Submitted by guest blogger, Shawn Johnston – Director, Labour Relations, Human Resources
As a parent of two kids (ages 7 and 9) the move to remote learning in March created many challenges, top among them keeping my kids busy, active, and engaged. The move to remote teaching also created unique challenges for UFV faculty (and all educators), often quite different for each discipline. This is a story about how a UFV professor and two kids helped each other out in this difficult time.
I first met Alan Reid, Associate Professor, Biology, after parking my car in lot 6b one morning, when I asked what he was looking at so intently. It turned out that he was studying some Dogwood (Cornaceae) plants and I was quickly introduced to the inspiring educational approach that I now know Alan is renowned for. As we occasionally ran into each other on campus we talked about plants (and mushrooms), and I took what he taught me home and passed on the knowledge to my kids (they are big lovers of the outdoors). When the kids and I couldn’t figure something out (like the time we found what turned out to be a cool “witch’s broom” way up in a Fir tree), my kids would say, “email Alan”. Reliably, Alan had the answer and was excited by what we’d found.

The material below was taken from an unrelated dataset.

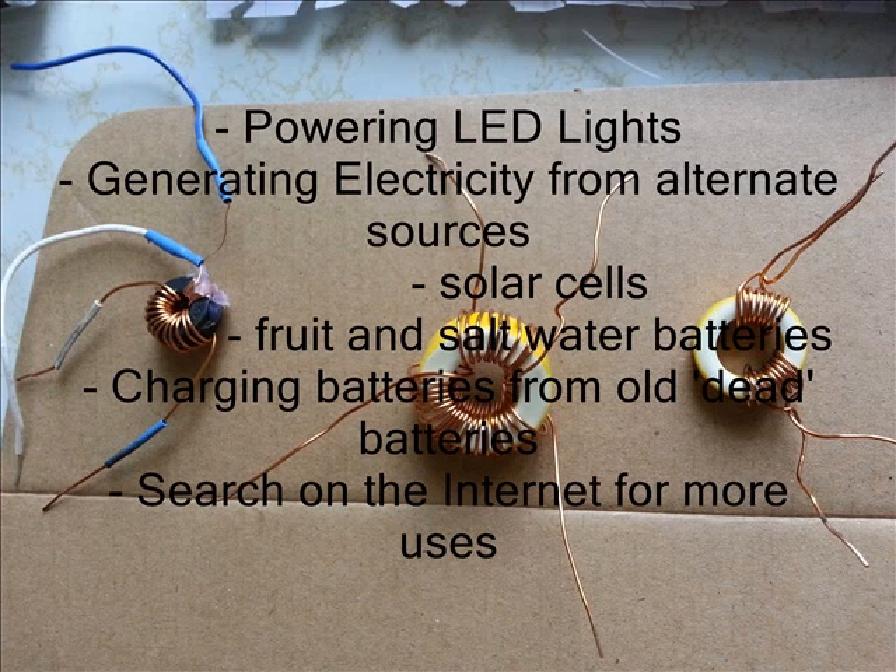So what good is a Jewel Thief? Well, we've seen that you can power LED lights from it — in fact, you could probably plug in 10 or 20 little LED lights in parallel and the Jewel Thief would still run them. You can generate electricity from other low-voltage sources like solar cells, or little batteries made from fruit, or from salt water running over two different kinds of metal, and then boost the charge up with the Jewel Thief to use for other things. You can also charge batteries from old dead batteries — pull the energy out of them and use it to charge your rechargeable batteries. People are even using a single AA cell battery to power a light bulb in their house. Lots of stuff you can do with it.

It was one of these “email Alan” moments that got things going. We’d started exploring the Riverview lands on our dog walks, and emailed Alan to ask some question. It turned out that he knew all about the Riverview lands. He taught us that we were exploring western Canada’s oldest botanical garden, and he provided us with a link to an online interactive map of the garden’s trees. And that is how our partnership started. I don’t recall whose idea it was, but my kids loved learning about the trees, and Alan needed some photos for his, now online, biology courses. So, Alan would send us the identification numbers of some trees, and my kids would find them on the map, navigate to them, take photos (full tree, bark, foliage, cones, etc.), and we’d send them to Alan; repeat. It turned our dog walks into exciting educational adventures. Alan encouraged my kids and their learning, and dropped tidbits of interesting knowledge on them in his reply emails. I understand that Alan has been able to incorporate some of these photos into his lectures, giving his little photographers (or as he calls them “Assistant Professors”) credit.
I owe a big thanks to Alan for this. It’s not everyday that two elementary school kids get to participate in a biology project with a Ph.D. biologist, and further at a time when they desperately needed the interaction, stimulation, and adventure. But what I’ll always be most thankful to Alan for is that he always made my kids feel like they were the ones helping him.